Uber chamboule l’univers des transports de personnes. Parmi les services proposés, l’offre la plus controversée est sans doute sa version UberPOP. Ce service permet à des particuliers sans autorisation professionnelle d’effectuer des courses à l’aide de voitures de tourisme sans tachygraphe ni enseigne lumineuse. À Lausanne, les chauffeurs UberPOP seraient près de 150. Beaucoup de ces chauffeurs sont par ailleurs au chômage ou à l’aide sociale.

Au plan fédéral, il existe une Ordonnance sur la durée du travail et du repos des conducteurs professionnels de véhicules légers affectés au transport de personnes de voitures de tourismes de personnes (OTR 2). Son champ d’application s’étend aux transports de personnes à titre professionnel. Une course est professionnelle, si elle intervient de manière régulière (au moins 2 fois en moins de 16 jours) et dans le but de réaliser un profit économique (prix de la course supérieur au coût du véhicule et à l’indemnisation des dépenses du conducteur ; art. 3 al. 1bis OTR 2). À ce jour, le Service de l’emploi n’a toujours pas statué sur ce point. Pourtant, la régularité des courses n’est pas contestée. Uber perçoit 30% de frais de service sur chaque course UberPOP. Le prix de base d’une course est de Frs. 3-, auxquels s’ajoute Frs. 1.35- par kilomètre et Frs. 0.30- par minute moyennant Frs. 6- en cas d’annulation. La régularité et le profit économique généré par Uber et par les chauffeurs UberPOP indiquent qu’il s’agit bien de transports de personnes à titre professionnel.

Différents Règlements (inter)communaux sont en vigueur dans la région de Morges, Lausanne, Nyon, Vevey Riviera ou Yverdon-les-Bains.

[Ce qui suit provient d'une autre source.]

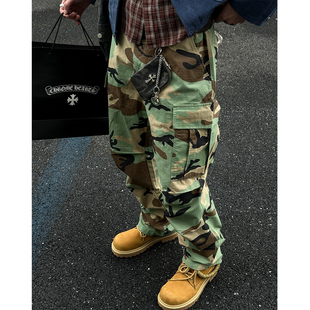 美式 裤 街头水洗迷彩长裤 直筒工装 vintage口袋质感伞兵裤 MANCHER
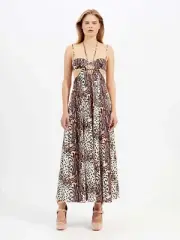 BNWT ALICE MCCALL TIGERS EYE HAVANA AFFAIR MIDI DRESS- SIZE 12 AU/8 US (RRP $549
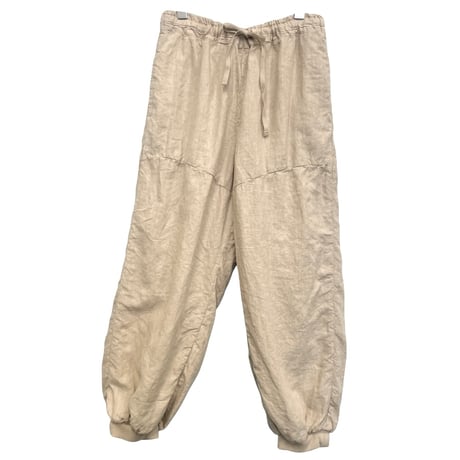 TIGRE BROCANTE 40リネン リアンギャザーリブパンツ-オイスター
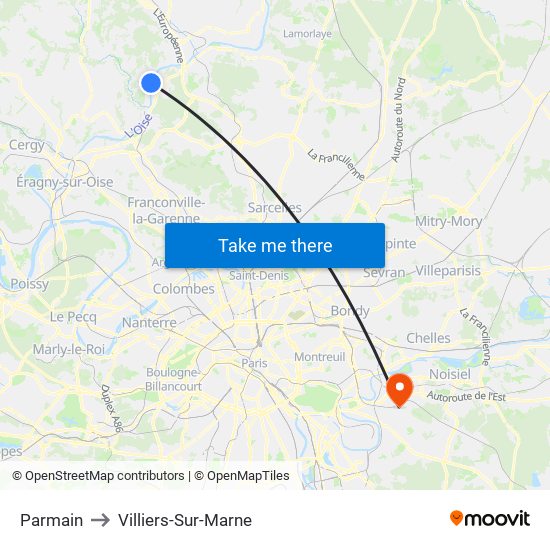 Parmain to Villiers-Sur-Marne map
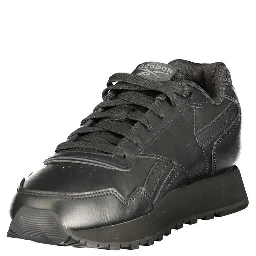 Black Polyester Athletic Sneakers
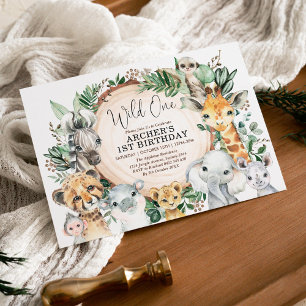 Invitation Safari Animals Wild One 1er anniversaire Jungle Pa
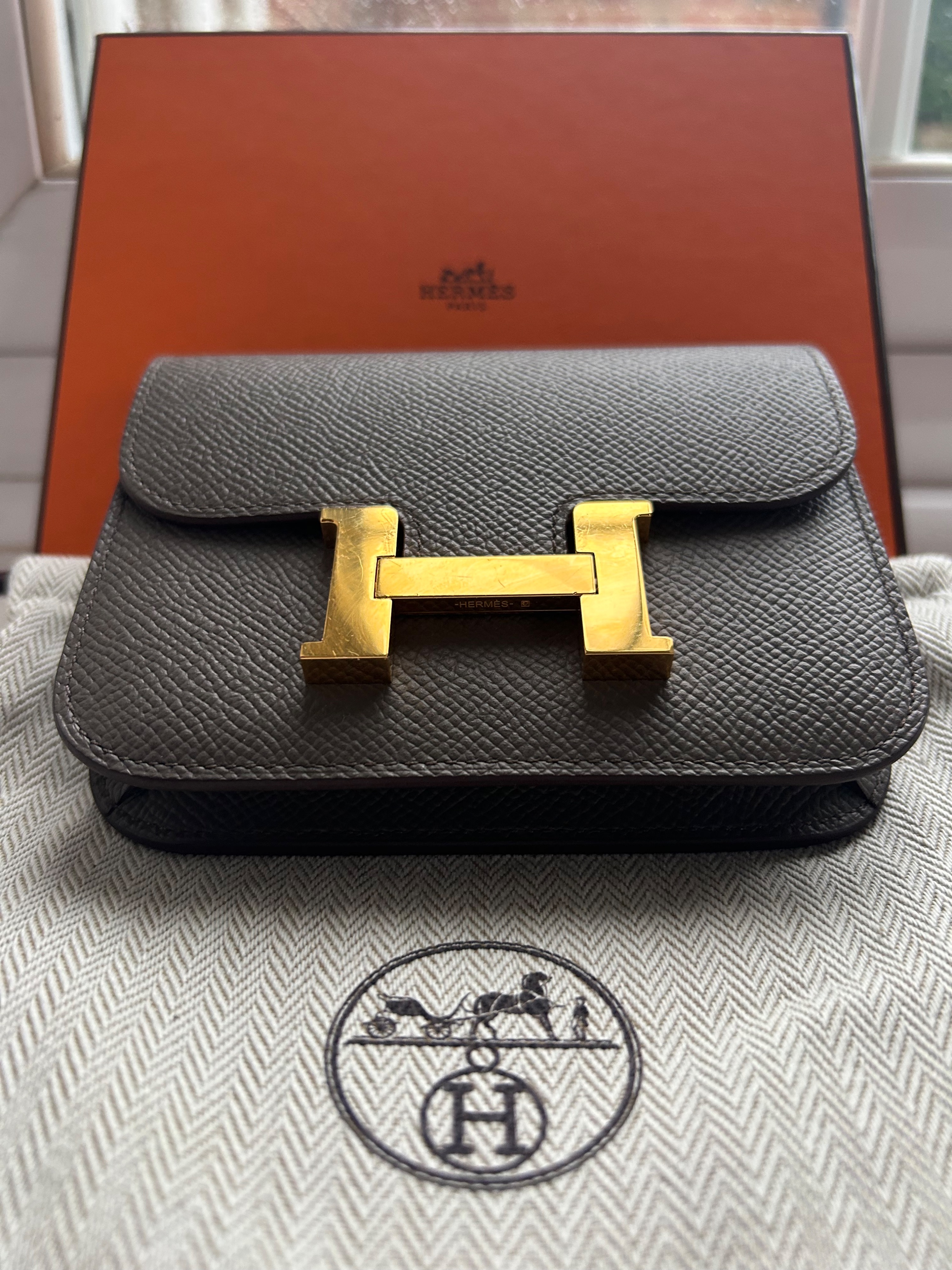 Preowned Hermes Etain Epsom Leather Constance Slim Wallet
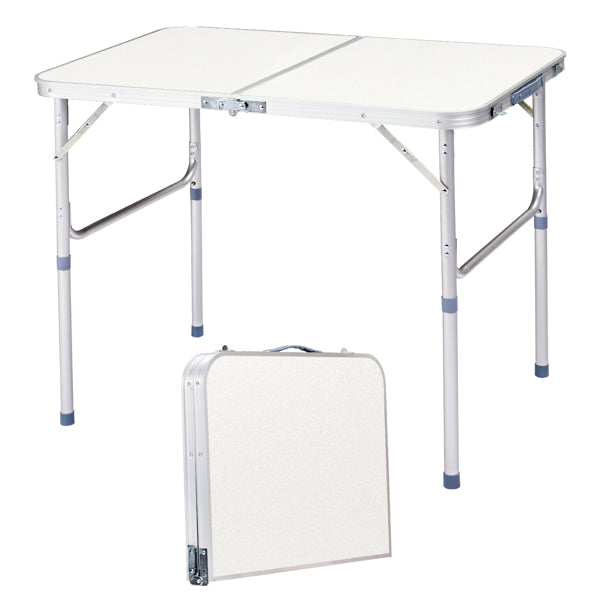 90 X 60 X 70cm Home Use Aluminum Alloy Folding Table White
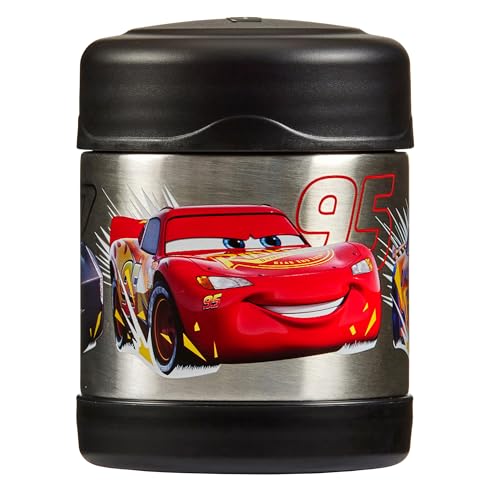 Thermos kids FUNTAINER Thermobehälter für Essen 300ml, Disney Cars - Edelstahl, absolut dicht, hält Speisen 5h heiß & 7h kalt, mit klappbarem Löffel, BPA-frei, ideal für Schule und Kita von Thermos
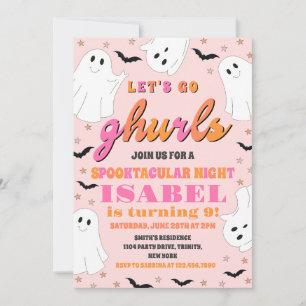 Pink and Orange Let's Go Ghurls Halloween Birthday Invitation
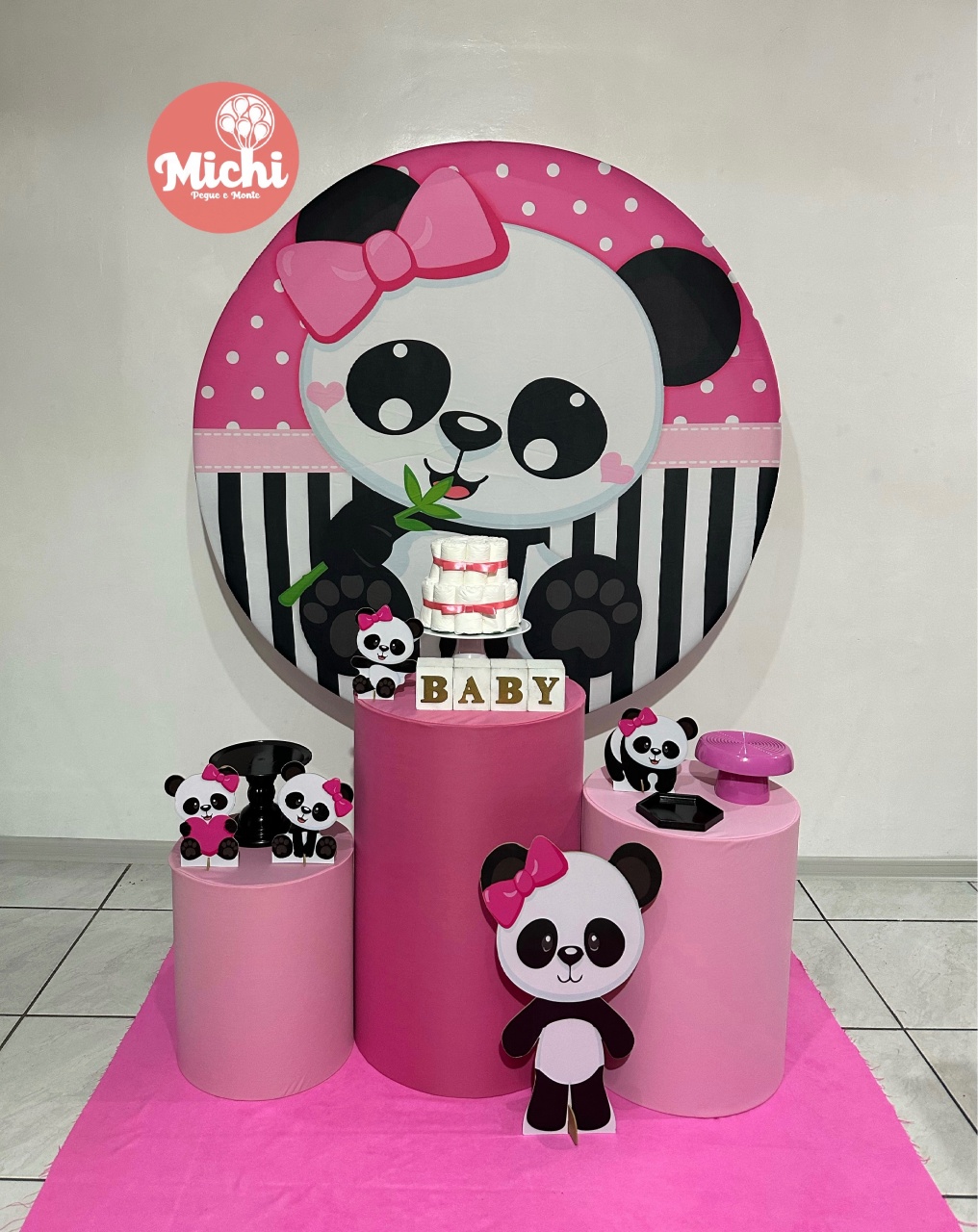 Kit 1 Ursinha Panda  - Michi Pegue e Monte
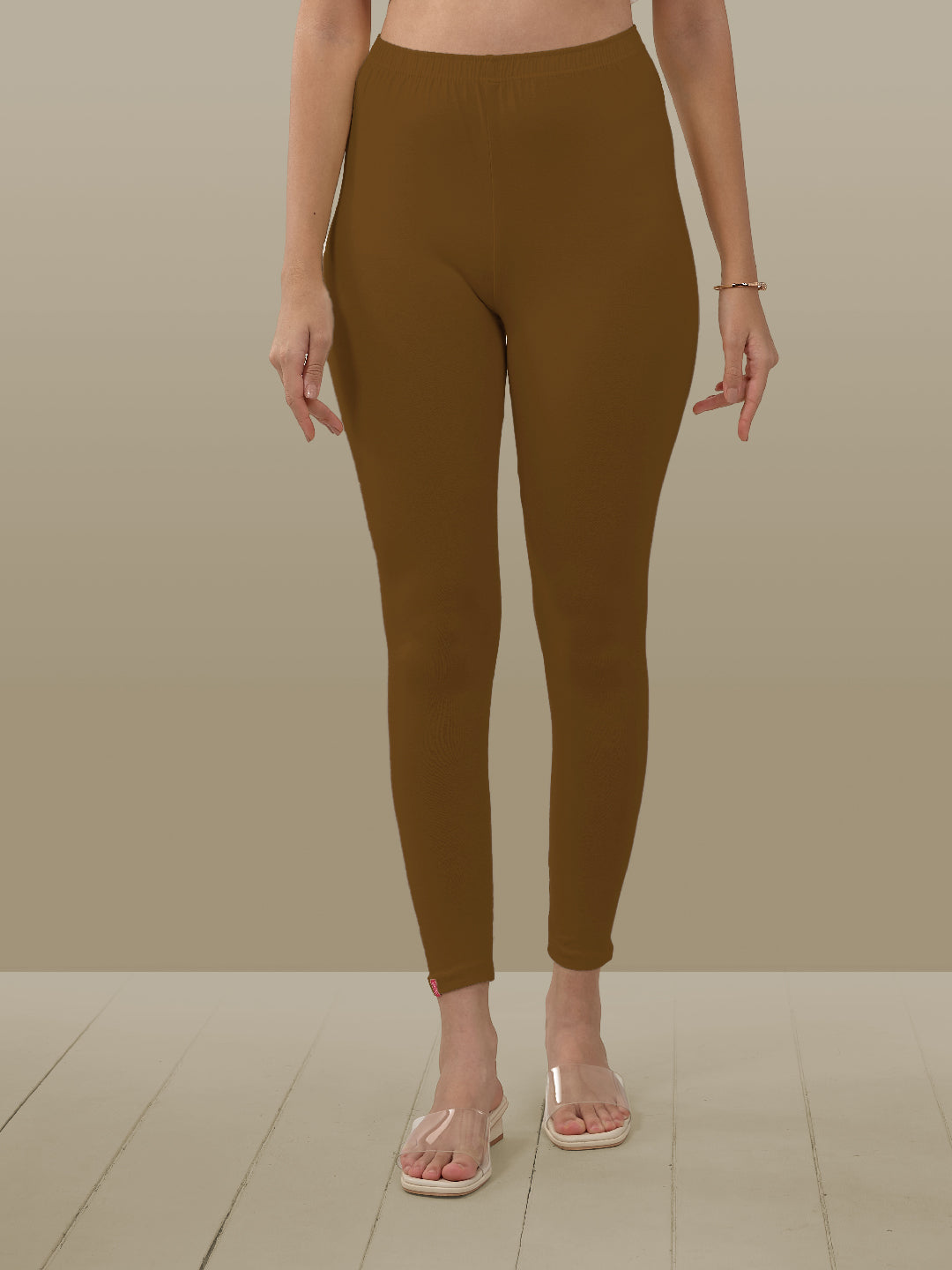 Brown Ankle Length Leggings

Le Règlement intercommunal sur le service des taxis de l’arrondissement de Lausanne prévoit différents types d’autorisations personnelles et intransmissibles, assorties d’une série d’obligations.[1] Or, aucun des chauffeurs UberPOP n’est au bénéfice d’une quelconque autorisation. UberPOP viole ainsi ouvertement le droit en vigueur. Le 7 mai 2015, ce Règlement a été révisé. Bien qu’attaqué par Uber Switzerland GmbH, par arrêt du 27 avril 2016, la Cour constitutionnelle a jugé la requête, pour l’essentiel, irrecevable.[2]

L’absence d’autorisation des chauffeurs UberPOP, le non-paiement des charges sociales et les tarifs pratiqués constituent une concurrence déloyale aux services de taxis autorisés. Cette concurrence déloyale expose tous les chauffeurs de la branche à des risques de sous-enchère salariale.

Le canton est tenu d’examiner les dénonciations mettant en cause ces concurrences déloyales en violation de l’OTR 2.[3] Cependant, les corps de police n’ont que difficilement accès aux téléphones portables des chauffeurs UberPOP pour démontrer la régularité de leurs courses. Une autre complication réside dans le manque d’indication par l’Etat de Vaud des niveaux de prix à partir desquels un profit économique est généré.

Au vu de ce qui précède, le députés soussigné a l’honneur d’adresser les questions suivantes au Conseil d’Etat qu’il remercie d’ores et déjà pour ses réponses :

  1. Les services offerts par UberPOP constituent-ils des courses professionnelles au sens de l’OTR 2 ?
  2. Comment les autorités fiscales, les Caisses chômages et les Services sociaux considèrent-ils les revenus générés par UberPOP
  3. Des dénonciations ou plaintes pénales sont-elles en cours d’examen auprès du Ministère public en lien avec l’activité déployée par UberPOP pour violation de l’OTR 2, de Règlements (inter)communaux sur les services de taxi ou d’autres normes légales ?
  4. Des sanctions pénales ont-elle été prononcées en lien avec l’activité déployée par UberPOP pour violation de l’OTR 2, de Règlements (inter)communaux sur les services de taxi ou d’autres normes légales ?
  5. UberPOP est-elle une concurrence déloyale aux services de transport de personnes ?
  6. Quand le projet de loi ou de règlementation cantonale sur le service de transport de personnes en réponse au postulat Mathieu Blanc (15_POS_131) sera-t-il mis en consultation ?

[1] Le Règlement s’applique aux communes d’Epalinges, Lausanne, Prilly, Pully, Renens, Chavannes-près-Renens, Crissier, Ecublens, Belmont-sur-Lausanne, Paudex, Le Mont-sur-Lausanne et Bussigny-près-Lausanne (art. 1 RIT).

[2] Arrêt de la Cour constitutionnelle du 27 avril 2016 CCST.2015.0002.

[3] Art. 31 OTR 2 ; voir aussi : art. 96 ad art. 78-80 RIT.